Here's what I have to do next, I have a list A and a list B with the couples of the elements of list A, for example: list A=[4,5,6,7,8,9] and list B=[[4,5],[6,7],[8,9]].
I have made a programm, but the only thing it does when I insert a example, is true. Here it is:

couples([], _).
couples([H, H1|A], B) :- append([H], [H1], L), pair_list(A, [L|B]).

But it's wrong. The question is, what is the right one?

### RE: couples

What is pair_list?

The way to solve almost any problem about list is this:

solve([H | T], Solution) :-
solve(T, PartialSolution),
compute_final_solution(H, PartialSolution, Solution).

So you need to solve the problem for T which is [H | T] without the first element H, and you will get the solution for T. Then the solution for the entire list [H | T] should be simple to compute once you have PartialSolution, which is the solution for T.

You need to put it as [H, H1 | A] like you did, then H = 4, H1 = 5 and A = [6, 7, 8, 9].

Then you should call 'couples' on A and it will result in B = [[6, 7], [8, 9]]. This is your PartialSolution.

Now with H = 4, H1 = 5 and B = [[6, 7], [8, 9]] you should obtain the full solution [[4, 5], [6, 7], [8, 9]].

It's a step forward to append [H] with [H1] and get L which would be [4, 5], like you already did.
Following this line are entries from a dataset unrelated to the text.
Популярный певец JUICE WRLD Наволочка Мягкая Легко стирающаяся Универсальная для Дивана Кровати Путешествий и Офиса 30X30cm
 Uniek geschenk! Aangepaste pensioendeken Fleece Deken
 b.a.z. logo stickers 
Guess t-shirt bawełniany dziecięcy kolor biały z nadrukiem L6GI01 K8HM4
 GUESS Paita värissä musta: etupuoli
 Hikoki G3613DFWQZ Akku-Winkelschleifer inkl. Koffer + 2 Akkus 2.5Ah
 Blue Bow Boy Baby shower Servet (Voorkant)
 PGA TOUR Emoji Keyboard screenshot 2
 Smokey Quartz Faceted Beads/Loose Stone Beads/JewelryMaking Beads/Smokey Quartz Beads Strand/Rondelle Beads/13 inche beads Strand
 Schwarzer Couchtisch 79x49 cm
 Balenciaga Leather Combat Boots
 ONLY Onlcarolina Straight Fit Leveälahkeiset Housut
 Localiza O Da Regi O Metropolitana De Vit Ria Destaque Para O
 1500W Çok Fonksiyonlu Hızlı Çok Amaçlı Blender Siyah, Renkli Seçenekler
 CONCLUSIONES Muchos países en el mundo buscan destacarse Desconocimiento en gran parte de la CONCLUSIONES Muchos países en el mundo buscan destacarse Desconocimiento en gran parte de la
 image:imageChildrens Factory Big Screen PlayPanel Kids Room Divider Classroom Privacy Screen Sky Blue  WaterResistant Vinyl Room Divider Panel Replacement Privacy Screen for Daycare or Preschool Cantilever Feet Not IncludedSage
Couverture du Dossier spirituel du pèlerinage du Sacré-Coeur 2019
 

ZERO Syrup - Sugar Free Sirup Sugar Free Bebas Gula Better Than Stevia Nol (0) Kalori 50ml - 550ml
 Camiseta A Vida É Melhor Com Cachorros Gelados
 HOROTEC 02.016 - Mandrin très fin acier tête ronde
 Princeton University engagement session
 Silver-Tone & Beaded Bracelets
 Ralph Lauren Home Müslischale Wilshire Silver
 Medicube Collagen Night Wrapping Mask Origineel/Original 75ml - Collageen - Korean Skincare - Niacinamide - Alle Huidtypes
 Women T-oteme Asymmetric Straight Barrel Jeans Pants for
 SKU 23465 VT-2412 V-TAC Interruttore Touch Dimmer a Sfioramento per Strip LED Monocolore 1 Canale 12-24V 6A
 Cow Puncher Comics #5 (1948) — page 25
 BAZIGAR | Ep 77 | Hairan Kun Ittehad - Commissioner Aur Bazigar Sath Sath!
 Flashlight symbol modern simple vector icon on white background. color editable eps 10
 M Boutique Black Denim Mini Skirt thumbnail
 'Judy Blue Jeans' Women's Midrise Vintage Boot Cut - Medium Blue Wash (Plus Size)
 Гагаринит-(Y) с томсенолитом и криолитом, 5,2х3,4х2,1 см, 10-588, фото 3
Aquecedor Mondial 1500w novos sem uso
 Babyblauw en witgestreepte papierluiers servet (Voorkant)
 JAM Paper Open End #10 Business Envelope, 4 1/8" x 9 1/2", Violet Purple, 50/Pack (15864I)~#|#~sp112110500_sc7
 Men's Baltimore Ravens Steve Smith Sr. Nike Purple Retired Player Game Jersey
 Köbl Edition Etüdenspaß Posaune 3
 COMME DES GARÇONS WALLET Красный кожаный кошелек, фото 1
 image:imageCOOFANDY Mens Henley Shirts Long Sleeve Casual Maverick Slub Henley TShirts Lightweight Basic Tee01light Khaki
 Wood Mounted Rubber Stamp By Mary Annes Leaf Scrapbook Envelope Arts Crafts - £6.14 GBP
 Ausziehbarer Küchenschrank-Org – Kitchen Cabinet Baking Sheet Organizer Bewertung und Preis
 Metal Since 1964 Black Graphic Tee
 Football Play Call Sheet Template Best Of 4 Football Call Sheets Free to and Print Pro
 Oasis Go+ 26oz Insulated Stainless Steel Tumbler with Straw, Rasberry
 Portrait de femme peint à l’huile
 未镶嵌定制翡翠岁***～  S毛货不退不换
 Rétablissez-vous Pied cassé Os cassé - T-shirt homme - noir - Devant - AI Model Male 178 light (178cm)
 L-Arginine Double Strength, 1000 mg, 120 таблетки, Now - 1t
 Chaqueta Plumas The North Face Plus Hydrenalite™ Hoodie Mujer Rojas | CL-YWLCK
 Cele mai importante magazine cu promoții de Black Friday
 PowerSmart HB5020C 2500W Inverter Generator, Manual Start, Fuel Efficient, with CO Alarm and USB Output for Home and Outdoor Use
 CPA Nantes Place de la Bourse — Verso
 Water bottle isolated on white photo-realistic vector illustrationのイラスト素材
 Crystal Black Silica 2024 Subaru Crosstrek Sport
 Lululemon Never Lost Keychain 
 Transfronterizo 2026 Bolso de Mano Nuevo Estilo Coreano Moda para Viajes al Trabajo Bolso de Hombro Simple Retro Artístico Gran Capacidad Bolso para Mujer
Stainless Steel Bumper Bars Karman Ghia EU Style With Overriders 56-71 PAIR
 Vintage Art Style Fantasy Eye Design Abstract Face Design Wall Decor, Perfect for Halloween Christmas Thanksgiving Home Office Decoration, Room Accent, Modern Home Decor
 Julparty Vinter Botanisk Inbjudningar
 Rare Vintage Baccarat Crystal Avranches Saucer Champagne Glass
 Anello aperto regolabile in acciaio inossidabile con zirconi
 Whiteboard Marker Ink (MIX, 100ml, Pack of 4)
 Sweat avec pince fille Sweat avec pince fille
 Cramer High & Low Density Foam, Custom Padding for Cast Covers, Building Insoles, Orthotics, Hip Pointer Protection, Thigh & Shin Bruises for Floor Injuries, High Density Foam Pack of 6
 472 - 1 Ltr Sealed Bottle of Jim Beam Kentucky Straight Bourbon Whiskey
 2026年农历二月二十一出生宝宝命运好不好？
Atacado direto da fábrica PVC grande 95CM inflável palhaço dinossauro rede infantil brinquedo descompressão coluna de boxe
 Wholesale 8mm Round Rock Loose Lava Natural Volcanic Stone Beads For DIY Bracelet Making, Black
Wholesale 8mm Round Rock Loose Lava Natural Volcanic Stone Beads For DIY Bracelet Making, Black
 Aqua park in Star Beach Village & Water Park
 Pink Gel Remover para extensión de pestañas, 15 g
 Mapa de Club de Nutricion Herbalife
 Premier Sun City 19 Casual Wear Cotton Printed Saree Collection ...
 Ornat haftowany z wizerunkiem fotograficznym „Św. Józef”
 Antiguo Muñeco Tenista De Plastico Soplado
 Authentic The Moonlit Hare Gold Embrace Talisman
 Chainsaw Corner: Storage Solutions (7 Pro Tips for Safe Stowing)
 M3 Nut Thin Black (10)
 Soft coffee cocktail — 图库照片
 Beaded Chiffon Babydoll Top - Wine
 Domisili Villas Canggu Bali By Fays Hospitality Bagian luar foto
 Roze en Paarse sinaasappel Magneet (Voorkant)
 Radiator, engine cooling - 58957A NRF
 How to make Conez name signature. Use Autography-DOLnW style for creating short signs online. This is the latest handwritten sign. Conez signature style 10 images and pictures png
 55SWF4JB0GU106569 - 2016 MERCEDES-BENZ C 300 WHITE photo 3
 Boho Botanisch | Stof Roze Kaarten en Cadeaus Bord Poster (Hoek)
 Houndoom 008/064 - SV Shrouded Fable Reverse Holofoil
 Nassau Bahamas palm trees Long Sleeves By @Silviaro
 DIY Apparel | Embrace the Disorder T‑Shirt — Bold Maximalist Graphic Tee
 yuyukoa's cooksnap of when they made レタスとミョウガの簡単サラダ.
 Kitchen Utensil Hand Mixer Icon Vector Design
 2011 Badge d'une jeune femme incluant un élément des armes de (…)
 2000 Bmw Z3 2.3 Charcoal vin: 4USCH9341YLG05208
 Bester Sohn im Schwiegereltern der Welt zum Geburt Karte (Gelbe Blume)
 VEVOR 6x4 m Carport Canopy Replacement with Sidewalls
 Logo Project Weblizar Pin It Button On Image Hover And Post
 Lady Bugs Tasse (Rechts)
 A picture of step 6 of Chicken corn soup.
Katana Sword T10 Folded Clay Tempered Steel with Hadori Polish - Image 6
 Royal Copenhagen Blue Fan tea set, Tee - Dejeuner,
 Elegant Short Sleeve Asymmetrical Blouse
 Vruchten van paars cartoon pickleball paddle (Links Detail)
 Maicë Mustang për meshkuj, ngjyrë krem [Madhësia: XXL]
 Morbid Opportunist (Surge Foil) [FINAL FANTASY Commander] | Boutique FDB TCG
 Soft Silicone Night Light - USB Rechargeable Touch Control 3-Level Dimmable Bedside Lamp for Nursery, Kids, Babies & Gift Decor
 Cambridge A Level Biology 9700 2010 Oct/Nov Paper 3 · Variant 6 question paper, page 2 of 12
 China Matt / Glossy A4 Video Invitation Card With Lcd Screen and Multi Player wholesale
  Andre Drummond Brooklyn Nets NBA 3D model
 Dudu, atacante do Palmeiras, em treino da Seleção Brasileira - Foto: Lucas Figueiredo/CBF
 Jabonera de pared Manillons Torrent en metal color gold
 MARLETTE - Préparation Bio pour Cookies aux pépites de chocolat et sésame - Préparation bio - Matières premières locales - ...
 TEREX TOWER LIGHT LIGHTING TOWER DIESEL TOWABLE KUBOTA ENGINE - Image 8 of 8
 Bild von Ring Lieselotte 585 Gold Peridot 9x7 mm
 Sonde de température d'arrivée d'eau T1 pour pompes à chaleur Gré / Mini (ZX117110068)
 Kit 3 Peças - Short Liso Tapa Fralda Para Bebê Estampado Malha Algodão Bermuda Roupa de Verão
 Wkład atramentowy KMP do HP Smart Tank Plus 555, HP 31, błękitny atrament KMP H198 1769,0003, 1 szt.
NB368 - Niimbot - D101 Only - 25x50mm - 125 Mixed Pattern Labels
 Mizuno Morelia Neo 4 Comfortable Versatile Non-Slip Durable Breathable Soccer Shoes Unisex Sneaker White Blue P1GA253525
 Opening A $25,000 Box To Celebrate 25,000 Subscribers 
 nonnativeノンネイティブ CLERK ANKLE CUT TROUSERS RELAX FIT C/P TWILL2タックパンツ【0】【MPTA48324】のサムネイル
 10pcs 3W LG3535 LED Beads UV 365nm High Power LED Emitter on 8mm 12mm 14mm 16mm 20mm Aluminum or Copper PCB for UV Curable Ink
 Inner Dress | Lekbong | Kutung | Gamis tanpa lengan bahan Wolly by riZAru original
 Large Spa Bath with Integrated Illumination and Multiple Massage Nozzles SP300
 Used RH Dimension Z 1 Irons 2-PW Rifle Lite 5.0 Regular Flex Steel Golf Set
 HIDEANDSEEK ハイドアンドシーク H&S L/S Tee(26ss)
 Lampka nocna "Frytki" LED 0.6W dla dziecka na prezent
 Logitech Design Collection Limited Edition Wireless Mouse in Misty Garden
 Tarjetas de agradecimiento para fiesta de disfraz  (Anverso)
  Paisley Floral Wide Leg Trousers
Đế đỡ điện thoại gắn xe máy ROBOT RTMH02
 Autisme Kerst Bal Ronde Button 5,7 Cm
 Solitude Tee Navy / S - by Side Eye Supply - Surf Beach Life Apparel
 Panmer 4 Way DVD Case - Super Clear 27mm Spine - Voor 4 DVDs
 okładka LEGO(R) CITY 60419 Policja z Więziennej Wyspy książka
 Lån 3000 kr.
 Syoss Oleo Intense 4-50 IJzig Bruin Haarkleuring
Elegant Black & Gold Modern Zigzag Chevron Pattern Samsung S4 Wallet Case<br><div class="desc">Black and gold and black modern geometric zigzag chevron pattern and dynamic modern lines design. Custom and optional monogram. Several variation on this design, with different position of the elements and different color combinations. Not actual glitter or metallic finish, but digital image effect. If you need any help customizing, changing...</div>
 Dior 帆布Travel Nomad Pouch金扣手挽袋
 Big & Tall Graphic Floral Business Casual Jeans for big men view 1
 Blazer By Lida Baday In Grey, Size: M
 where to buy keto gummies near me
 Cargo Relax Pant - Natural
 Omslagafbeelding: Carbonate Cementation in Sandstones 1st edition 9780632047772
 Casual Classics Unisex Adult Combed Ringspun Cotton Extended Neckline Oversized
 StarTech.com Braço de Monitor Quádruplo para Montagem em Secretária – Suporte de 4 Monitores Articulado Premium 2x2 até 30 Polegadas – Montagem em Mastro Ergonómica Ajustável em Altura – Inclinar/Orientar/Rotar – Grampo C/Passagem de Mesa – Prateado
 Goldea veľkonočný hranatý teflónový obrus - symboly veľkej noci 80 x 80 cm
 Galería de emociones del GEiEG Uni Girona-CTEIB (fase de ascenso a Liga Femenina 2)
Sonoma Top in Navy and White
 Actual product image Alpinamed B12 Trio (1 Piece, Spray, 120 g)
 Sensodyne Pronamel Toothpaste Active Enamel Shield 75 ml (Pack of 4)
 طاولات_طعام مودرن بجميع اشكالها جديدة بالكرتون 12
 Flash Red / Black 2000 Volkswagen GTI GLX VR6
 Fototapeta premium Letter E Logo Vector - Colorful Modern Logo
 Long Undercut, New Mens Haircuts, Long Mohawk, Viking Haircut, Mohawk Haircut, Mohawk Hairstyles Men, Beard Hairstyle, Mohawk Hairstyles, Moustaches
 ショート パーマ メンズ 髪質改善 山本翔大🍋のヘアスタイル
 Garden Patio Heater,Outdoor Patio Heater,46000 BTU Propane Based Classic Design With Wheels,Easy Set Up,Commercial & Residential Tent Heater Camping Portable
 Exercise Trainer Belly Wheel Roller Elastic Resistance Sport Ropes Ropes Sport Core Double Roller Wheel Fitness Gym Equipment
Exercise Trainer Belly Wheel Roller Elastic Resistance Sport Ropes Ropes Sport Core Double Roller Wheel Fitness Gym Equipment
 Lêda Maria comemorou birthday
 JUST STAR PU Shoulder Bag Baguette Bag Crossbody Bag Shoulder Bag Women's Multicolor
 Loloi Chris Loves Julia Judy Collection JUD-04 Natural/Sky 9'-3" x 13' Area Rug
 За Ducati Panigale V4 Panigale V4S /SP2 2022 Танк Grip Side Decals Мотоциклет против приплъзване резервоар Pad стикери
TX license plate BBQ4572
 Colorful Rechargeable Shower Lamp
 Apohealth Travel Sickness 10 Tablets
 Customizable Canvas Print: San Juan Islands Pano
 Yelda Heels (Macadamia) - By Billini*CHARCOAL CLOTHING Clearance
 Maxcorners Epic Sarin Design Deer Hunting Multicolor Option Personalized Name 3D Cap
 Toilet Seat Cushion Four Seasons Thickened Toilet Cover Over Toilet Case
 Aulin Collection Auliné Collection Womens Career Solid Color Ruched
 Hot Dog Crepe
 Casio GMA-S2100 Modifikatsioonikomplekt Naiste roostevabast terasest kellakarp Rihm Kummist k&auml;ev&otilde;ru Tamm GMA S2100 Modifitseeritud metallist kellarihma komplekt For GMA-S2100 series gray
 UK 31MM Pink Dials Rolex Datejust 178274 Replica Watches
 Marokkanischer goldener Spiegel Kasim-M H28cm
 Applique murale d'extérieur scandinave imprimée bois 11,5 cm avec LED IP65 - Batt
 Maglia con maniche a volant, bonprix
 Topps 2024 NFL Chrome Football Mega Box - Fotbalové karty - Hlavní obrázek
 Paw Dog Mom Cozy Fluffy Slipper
Now you have L = [4, 5] and B = [[6, 7], [8, 9]]. From L and B it's easy to obtain the whole solution

### RE: couples

(OP)
Sorry, pair_list is another name for couples.. So, my programm is that:
couples([], _).
couples([H, H1|A], B) :- append([H], [H1], L), couples(A, [L|B]).
Sorry, I don't understand your explanation, what I thought my programm does is:
First, seperates H and H1 from the body. It uses append to join the two lists of H, and H1, and then it uses couples to do the same for the rest elements of B, which are saved in L|B, and finally to B. But I don't know why that doesn't work!

### RE: couples

Ok, first of all your first rule is wrong.

#### CODE

couples([], []).

As I already told you in another topic, you should think very carefully what you want to express in each Prolog clause and you should take care that similar predicates have similar meanings everywhere they are used. If you call 'couples' on an empty list, what would be the desired outcome?

'_' means 'anything', so couples on an empty list should not return 'anything', but also an empty list.

Now, to your second rule ... What does 'couples' mean?

couples(A, B) means 'B is the list of couples extracted from A'

What you say in your last rule is this (read it backwards):

If [[H, H1] | B] is the list of couples extracted from a list A, then B is the list of couples extracted from [H, H1 | A].

See, the correct version would be this:

If B is the list of couples extracted from a list A, then [[H, H1] | B] would be the list of couples extracted from [H, H1 | A].

In code:

#### CODE

couples([H, H1 | A], [L | B]) :-
L = [H, H1], %this is equivalent to your append
couples(A, B).

### RE: couples

(OP)
I didn't understand what I had done wrong, but I understood the explanation of the correct programm. :) About the first rule, I translated that when we finish rule 2, what shall we have for rule 1? So, my translation was wrong if you get it. Thank you so much for everything! Be well!

### RE: couples

(OP)
But when I insert couples([4,5,6,7,8,9],S).
it says false. :S

### RE: couples

(OP)
Oh sorry I had forgotten the first rule....

### RE: couples

(OP)
But I have a general question, which for example in this programm, is that since we separate the H and H1 in the head of the rule, how can the body be the first action? Do you get what I mean? That we say first the body, but the first action is on the head of the rule. I don't understand how this is.

### RE: couples

Prolog only goes by matching the question you type at the Prolog prompt with the knowledge he has in the knowledge base.

Given the program:

#### CODE

couples([], []).
couples([H, H1 | A], [L | B]) :-
L = [H, H1],
couples(A, B).

... when you type at the Prolog prompt:

?- couples([4, 5], S).

... Prolog will take your question and will try to find out a match. The first rule won't match because [4, 5] doesn't match with []. But the second rule will match, so H = 4, H1 = 5 and A = []. Then Prolog concludes that S (your desired result) must match [L | B] because that's what the matching rule has as second argument.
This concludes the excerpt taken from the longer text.